The point is, Bayes' rule is used when either of these quantities is really difficult to find, usually $P(E_2)$ because to find $P(E_2)$ itself would require you to go through various sub-cases, involving $E_1$ itself (I mean, the denominator of Bayes' rule is in fact equal to $P(E_2)$ so the formula just contains an easier expression for the actual definition).
In our case, neither $E_1 \cap E_2$ nor $E_2$ is particularly difficult to describe in isolation.
For example, $E_1 \cap E_2$ means that only one person hits, but also that $A$ hits. Hence, $$
E_1 \cap E_2 = \{(A_{H}, B_{\text{not }H})\} \implies P(E_1 \cap E_2) = \frac{8}{10} \left(1-\frac {4}{10}\right) = 0.48
$$
and $E_2$ also contains the outcome that $B$ hits and $A$ misses in addition to $E_1$. Hence, $$
E_2 = \{(A_{H}, B_{\text{not }H}) , (A_{\text{not }H}, B_{H})\} \implies P(E_2) = 0.48 + \left(1-\frac{8}{10}\right)\left(\frac 4{10}\right) = 0.48 +0.08 = 0.56
$$
Therefore the answer is $\frac{0.48}{0.56} = \frac 67$.

A couple more tips that will simplify life for you.

*

*I've seen Bayes' rule  used heavily when the experiment happens in (strictly) chronological order during your recording, and you are asked to predict an older event based on a newer event.
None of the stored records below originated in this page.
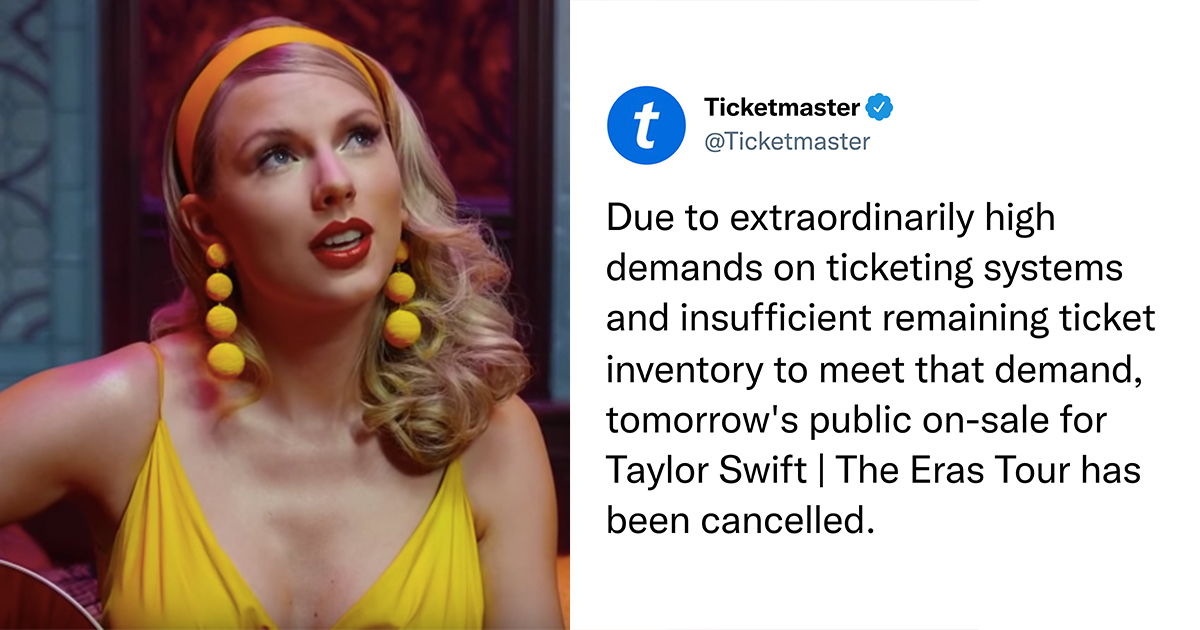 Taylor Swift Ticket Sales: Ticketmaster's New Line Position Feature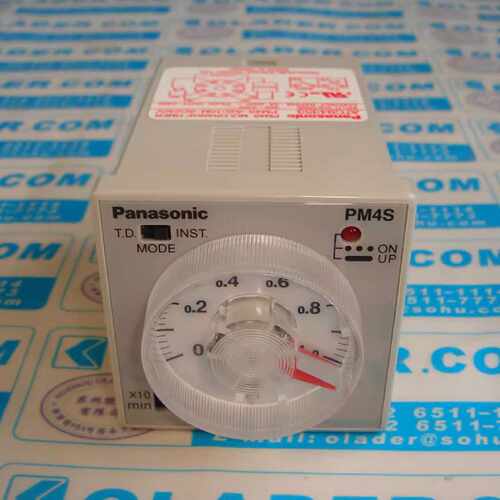 议价PM4S-A2C10M-AC240V(ATC94353) 日本松下时间继电器 原装正品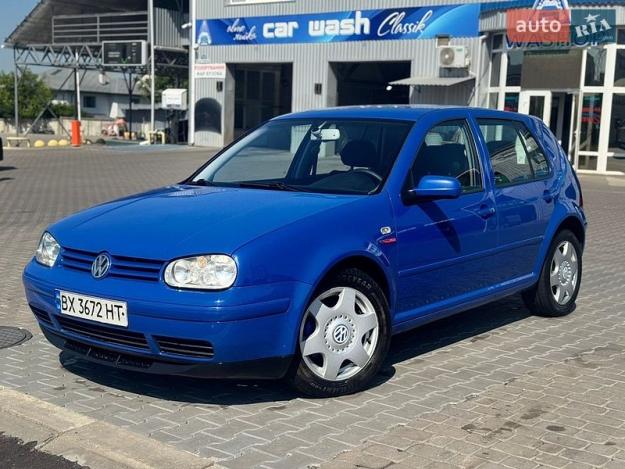 Volkswagen Golf, 2001г. 1.8л. бензин Хмельницький в кредит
For example, in question 1 you saw the dice rolls , which comes strictly after you chose the dice, so predicting the dice based on the rolls is Bayes' territory. The second question can also be interpreted as a Bayes' rule application because you can imagine that $A$ shoots before $B$ and interpret the problem like this, but you only need the formula if any quantity is hard to find, and in this case it wasn't.


*In any scenario, instead of finding the probability of events, find the probability of each of the outcomes. So for example, in question $2$, before you even see the events of interest, make sure that you have the probabilities of each outcome down like $P(\{(A_H,B_H)\})$ and so on. Then, to find the probability of any event, you just need to add the probabilities of the outcomes inside that event and you are done. This is faster and rigorous, but will also give you a good grasp of everything related to that experiment.